I predict he will remove various protections that open polluters up to paying damages. He has pledged to stop issuing new drilling leases on Federal Land. Perhaps most impactful will be the regulation of Methane (and possibly Carbon) as pollutants, leading to the uptick of effective (and expensive) mitigation technologies. The net result of ALL of these steps will be an uptick in the price of brown energy to the consumer. Raising brown power prices to better reflect their true cost is as powerful as lowering the price of clean energy with policy support. This is a powerful phenomenon, and if amplified over time is another factor in what has been described as “the utility death spiral”. As better solar economics leads to more deployment, the utilities fund their bloated operating costs by raising prices. This in turn leads to more uptake of solar which lowers the cost of solar which leads to better solar economics… and then more of the same (you get the picture).

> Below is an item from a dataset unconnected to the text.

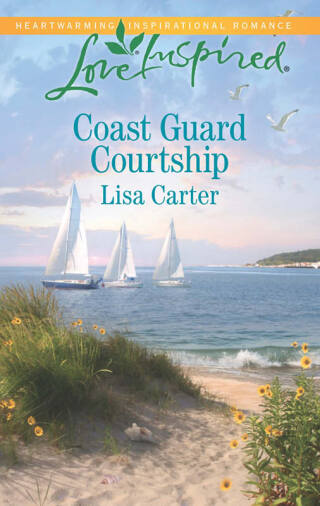 صورة الغلاف: Coast Guard Courtship 9780373879540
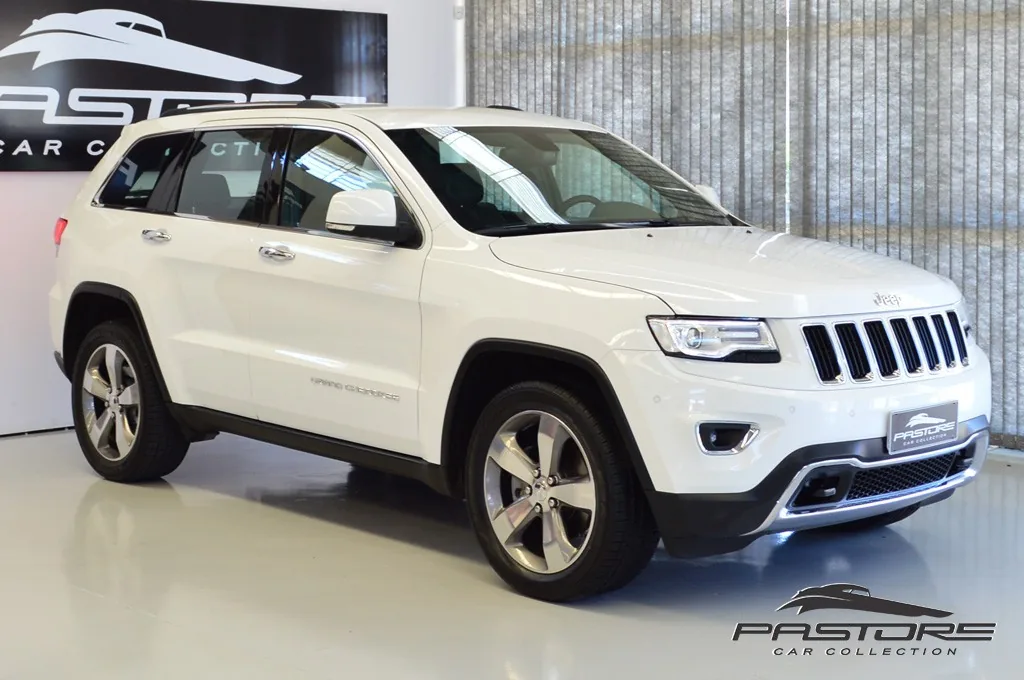 Jeep Grand Cherokee CRD 4WD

Finally, we expect Biden’s Department of Justice to aggressively go after polluters, especially those who have impacted the air, water, and soil of communities of color for decades. This focus on intersectionality, equity, and environmental justice was a key campaign theme and will result in real improvements in air and water quality for millions of citizens. Additionally, this focus will eliminate another aspect of the “free ride to pollute” that artificially subsidizes the cost of fossil fuel energy. As rates go up, reflecting the true cost of dirty energy, the incentive for consumers to invest in efficiency and shift to cleaner alternatives will be a natural market outcome.

The Bottom Line

As I have laid out above, I do not predict that we will see the sweeping vision of the Biden Plan as published during the campaign. Instead, we will get a series of tactical moves that will still add up to have a big impact. If you are considering solar for an institution or unit of government, I recommend you wait until mid-2021 for details of the coming support. In the meantime, I suggest that you begin to explore your options and position your organization to be competitive by getting projects ready (Third Sun Solar is ready to help).

For those considering solar for their home or business, there is no reason to wait. As I laid out above, we don’t expect any new policies that would directly impact solar economics for private businesses and homeowners. Solar has already moved from an environmentally righteous action of tree huggers to being a long term economically smart move. We are hopeful for a tax credit extension and while we aren’t giving out tax advice, we believe that it is safe to expect that any projects placed in service in 2021 that qualify for the current tax credit would qualify for any new and improved tax policy. As we laid out, we see the biggest policy impacts on the horizon accelerating the (inevitable) rise in the cost of dirty energy. Investing in on-site solar has always been a “hedge” against energy cost volatility, and with the coming Biden policies, we see a big jump in the price of brown power. The sooner we make a shift to clean energy, (each of us as individuals and together as a nation) the sooner we will enjoy the many beneficial outcomes: in our monthly budgets, in the air we breathe, and in the stability of the world we leave for future generations.